The album could be streamed for free on iTunes from January 14, 2014, until its official release on January 21, 2014.

==Critical reception==

Mind over Matter received generally favorable reviews from music critics. At Metacritic, which assigns a normalized rating out of 100 to reviews from mainstream critics, the album received an average score of 67, based on 7 reviews, indicating "generally favorable" reviews.

Rating the album three stars out of five, Timothy Monger of AllMusic called the album "an able, straightforward modern indie rock record" and wrote that the band was at its best on some of the lighter songs on the album, such as "Firelight" and "Waves". However, he noted that "the type of mainstream guitar/synth rock Young the Giant pursue is littered with similar acts, making it tough to rise above the din. Comparisons to stadium-filling bands like Coldplay and Phoenix are not out of line, but there is a general lack of distinction to much of the music on Mind over Matter, suggesting that the band still hasn't discovered its defining characteristics."

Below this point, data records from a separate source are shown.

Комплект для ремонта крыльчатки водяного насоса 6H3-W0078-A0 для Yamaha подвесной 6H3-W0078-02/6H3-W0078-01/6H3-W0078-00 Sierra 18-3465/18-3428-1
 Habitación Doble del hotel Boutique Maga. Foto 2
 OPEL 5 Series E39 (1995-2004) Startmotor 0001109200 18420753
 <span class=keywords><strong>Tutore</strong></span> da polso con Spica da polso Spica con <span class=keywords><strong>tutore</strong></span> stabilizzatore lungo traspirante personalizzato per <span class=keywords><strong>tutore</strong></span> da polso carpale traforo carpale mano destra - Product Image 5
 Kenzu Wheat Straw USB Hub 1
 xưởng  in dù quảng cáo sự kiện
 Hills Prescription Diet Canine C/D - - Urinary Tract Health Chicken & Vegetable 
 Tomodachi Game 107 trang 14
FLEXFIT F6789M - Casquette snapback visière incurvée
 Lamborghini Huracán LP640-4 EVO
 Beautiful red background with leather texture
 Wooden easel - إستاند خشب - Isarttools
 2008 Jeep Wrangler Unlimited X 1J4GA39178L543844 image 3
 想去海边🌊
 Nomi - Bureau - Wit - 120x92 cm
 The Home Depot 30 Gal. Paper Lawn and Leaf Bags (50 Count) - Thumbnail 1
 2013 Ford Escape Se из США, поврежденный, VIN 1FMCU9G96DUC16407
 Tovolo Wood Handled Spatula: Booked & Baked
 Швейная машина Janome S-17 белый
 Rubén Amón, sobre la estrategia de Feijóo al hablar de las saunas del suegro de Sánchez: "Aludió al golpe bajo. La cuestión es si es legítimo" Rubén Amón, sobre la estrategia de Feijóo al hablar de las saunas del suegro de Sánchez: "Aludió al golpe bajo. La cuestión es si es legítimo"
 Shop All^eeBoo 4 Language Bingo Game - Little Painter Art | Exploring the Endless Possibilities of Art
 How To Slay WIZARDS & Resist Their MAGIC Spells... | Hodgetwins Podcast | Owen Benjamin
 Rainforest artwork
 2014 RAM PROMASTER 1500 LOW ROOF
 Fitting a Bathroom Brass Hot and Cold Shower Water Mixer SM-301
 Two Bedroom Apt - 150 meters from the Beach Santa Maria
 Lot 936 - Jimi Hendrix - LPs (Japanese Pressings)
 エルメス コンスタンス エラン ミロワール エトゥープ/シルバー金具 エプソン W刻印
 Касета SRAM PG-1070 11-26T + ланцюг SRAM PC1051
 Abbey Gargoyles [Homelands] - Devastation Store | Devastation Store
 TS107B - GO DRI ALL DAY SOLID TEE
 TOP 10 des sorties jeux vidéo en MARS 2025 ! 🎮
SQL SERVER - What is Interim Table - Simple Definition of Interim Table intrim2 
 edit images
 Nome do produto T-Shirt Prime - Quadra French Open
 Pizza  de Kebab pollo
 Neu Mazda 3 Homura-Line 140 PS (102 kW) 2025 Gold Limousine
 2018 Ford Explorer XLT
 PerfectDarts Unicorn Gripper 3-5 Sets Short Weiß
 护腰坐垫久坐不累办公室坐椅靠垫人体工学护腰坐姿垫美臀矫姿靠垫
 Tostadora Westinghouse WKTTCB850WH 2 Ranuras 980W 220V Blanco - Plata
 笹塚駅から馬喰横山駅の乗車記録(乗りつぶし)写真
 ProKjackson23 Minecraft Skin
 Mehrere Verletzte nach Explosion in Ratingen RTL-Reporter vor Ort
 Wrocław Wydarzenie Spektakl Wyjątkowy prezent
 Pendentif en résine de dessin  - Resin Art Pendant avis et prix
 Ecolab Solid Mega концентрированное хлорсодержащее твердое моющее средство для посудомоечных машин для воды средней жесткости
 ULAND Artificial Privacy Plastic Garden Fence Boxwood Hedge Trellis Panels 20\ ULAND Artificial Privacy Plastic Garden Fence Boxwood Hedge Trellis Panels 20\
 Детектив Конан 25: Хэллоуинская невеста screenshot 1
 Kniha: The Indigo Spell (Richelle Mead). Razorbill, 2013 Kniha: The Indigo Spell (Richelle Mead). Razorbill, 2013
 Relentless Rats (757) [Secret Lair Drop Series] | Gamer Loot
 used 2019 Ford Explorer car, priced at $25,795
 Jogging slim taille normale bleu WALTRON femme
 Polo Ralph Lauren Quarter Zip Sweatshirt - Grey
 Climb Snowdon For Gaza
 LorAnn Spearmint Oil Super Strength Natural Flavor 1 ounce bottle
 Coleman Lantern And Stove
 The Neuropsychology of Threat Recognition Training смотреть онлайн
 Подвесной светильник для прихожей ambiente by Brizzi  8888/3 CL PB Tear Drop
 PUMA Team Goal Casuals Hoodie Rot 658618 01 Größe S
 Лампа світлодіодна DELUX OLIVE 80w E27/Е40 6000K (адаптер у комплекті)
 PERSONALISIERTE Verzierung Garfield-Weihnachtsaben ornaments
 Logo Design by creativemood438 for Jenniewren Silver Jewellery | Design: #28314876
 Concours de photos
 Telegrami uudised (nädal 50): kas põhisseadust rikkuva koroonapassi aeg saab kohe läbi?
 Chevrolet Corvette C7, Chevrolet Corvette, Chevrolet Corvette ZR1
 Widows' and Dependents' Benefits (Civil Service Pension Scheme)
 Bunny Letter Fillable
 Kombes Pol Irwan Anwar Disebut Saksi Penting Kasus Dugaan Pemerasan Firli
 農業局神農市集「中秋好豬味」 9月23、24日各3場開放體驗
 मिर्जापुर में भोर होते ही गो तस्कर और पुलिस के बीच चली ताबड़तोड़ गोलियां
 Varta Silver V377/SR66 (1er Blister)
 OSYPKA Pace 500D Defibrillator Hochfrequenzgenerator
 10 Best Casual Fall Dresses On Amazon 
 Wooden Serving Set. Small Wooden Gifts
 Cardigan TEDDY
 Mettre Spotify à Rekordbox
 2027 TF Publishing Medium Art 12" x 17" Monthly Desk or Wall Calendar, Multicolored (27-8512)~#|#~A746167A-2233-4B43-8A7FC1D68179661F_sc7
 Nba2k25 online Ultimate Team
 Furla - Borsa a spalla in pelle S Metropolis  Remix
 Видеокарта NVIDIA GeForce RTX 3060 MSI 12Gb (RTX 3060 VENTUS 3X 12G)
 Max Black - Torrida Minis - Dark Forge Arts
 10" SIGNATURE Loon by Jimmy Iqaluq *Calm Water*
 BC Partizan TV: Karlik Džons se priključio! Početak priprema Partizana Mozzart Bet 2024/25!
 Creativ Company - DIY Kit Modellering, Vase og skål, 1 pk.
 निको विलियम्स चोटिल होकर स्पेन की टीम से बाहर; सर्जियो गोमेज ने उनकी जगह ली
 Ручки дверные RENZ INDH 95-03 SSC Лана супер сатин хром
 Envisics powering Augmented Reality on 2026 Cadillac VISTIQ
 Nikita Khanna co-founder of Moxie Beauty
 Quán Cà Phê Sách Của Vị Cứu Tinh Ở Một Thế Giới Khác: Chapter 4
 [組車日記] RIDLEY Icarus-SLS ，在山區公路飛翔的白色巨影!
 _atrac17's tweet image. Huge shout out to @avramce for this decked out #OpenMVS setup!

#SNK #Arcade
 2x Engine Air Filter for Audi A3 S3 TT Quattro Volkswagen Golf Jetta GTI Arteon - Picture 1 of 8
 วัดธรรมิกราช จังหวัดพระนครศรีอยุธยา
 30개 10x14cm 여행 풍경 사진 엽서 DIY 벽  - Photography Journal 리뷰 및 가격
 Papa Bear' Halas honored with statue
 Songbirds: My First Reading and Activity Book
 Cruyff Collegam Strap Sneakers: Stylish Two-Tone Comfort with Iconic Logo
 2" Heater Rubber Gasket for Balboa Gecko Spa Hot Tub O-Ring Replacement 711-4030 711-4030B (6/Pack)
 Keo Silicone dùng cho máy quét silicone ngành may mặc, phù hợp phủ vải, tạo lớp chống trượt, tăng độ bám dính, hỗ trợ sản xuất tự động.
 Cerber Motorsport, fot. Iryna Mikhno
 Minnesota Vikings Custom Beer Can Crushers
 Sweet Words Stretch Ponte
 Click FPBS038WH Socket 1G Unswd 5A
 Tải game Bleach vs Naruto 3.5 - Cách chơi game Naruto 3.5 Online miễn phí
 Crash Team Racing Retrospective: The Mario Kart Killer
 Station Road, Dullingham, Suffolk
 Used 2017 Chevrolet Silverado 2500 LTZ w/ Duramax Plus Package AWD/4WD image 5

Kristofer Lenzon for Consequence of Sound wrote that Mind over Matter "documents the metamorphosis of the band from indie darling who could to full-blown arena rock overlords". However, he noted that "all the gloss and shimmer doesn't add to the overall enjoyment of the album, but presents a wavering distraction from the content" and that at times Justin Meldal Johnson's heavy production seems to be trying to compete with the strength of lead singer Sameer Gadhia's vocals: "Virtuosic talents like Gadhia's often sound best when given room to breathe and expand, as on Young the Giants 'God Made Man' or Mind Over Matters 'Firelight', where a simple plucked guitar line and atmospheric tones serve as a platform, not competition for Gadhia. The result is the sweetest and most emotionally impactful song on the record. (...) On an album so choked with production, the simplest moment is its most affecting."

Professional ratings
Aggregate scores
| Source | Rating |
| Metacritic | 67/100 |
Review scores
| Source | Rating |
| AbsolutePunk | 7/10 |
| AllMusic | Star |
| Consequence of Sound | C− |
| Contactmusic | 2/5 |
| The Gazette | Star |
| Rolling Stone | Star |
| Sputnikmusic | 3.7/5 |

== Track listing ==

| No. | Title | Length |
|---|---|---|
| 1. | "Slow Dive" | 0:47 |
| 2. | "Anagram" | 4:54 |
| 3. | "It's About Time" | 3:45 |
| 4. | "Crystallized" | 4:00 |
| 5. | "Mind over Matter" | 4:04 |
| 6. | "Daydreamer" | 3:58 |
| 7. | "Firelight" | 5:33 |
| 8. | "Camera" | 5:12 |
| 9. | "In My Home" | 3:39 |
| 10. | "Eros" | 4:10 |
| 11. | "Teachers" | 3:40 |
| 12. | "Waves" | 4:38 |
| 13. | "Paralysis" | 4:34 |
| Total length: |  | 52:55 |

==Personnel==

- Young the Giant
- Sameer Gadhia – lead and backing vocals, percussion, piano, organ, synthesizer, keyboards
- Jacob Tilley – guitar, Mellotron, synthesizer
- Eric Cannata – guitar, backing vocals
- Payam Doostzadeh – bass guitar, synthesizer
- François Comtois – drums, percussion, backing vocals

- Additional musicians
- Justin Meldal-Johnsen – acoustic guitar, percussion
- Carlos de la Garza – percussion
- Jessica Ramseier – vocals
- Steven Aho – orchestration
- Roger Joseph Manning, Jr. – conducting, string arrangements

- Technical personnel
- Justin Meldal-Johnsen – production, engineering, programming
- Carlos de la Garza – engineering
- David Schwerkolt – engineering
- Mike Schuppan – engineering, engineering assistant
- Dave Schwerkolt – engineering assistant
- Rich Costey – mixing
- Martin Cooke – mixing assistant
- Nicolas Fournier – mixing assistant
- Bo Hill – mixing assistant
- Ted Jensen – mastering
- Mark Obriski – art direction, design
- Matt Wisniewski – collage, cover collage
- David Vincent Wolf – photography

==Charts==

| Chart (2014) | Peak position |
|---|---|
| Canadian Albums (Billboard) | 7 |
| Dutch Albums (Album Top 100) | 32 |
| US Billboard 200 | 7 |
| US Top Rock Albums (Billboard) | 2 |

=== Singles ===

Title: Year; Peak chart positions
US Alt: US Rock
"It's About Time": 2013; 2; 17
"Crystallized": 35; 27
"Mind over Matter": 2014; 15; 31
"—" denotes release that has not charted.